Appellants, the Miller's estate and her beneficiaries, may bring a civil suit under ERISA only if Miller was a "participant" in an ERISA plan at the relevant time. ERISA defines a "participant" as "any employee or former employee . . . who is or may become eligible to receive a benefit of any type from an employee benefit plan . . . or whose beneficiaries may be eligible to receive any such benefit." 29 U.S.C. § 1002(7). The Supreme Court has interpreted this provision to mean that a party is a "participant" if he is an employee in, or reasonably expected to be in, currently covered employment, or if he is a former employee who has a reasonable expectation of returning to covered employment, or a "colorable claim" to vested benefits. Firestone Tire & Rubber Co. v. Bruch, 489 U.S. 101, 117, 109 S.Ct. 948, 103 L.Ed.2d 80 (1989).
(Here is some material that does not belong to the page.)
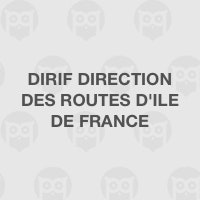 DiRIF Direction des routes d'Ile de France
Miller was employed by Rite Aid until the time of her death, so to decide whether Miller was a "participant," we must ask whether Miller was either covered by an ERISA life insurance plan at the relevant time, or whether she may have become eligible for benefits from such a plan at such time. In order to establish that Miller "may become eligible," she "must have a colorable claim that (1) [she] will prevail in a suit for benefits, or that (2) eligibility requirements will be fulfilled in the future." Id. at 117-18, 109 S.Ct. 948.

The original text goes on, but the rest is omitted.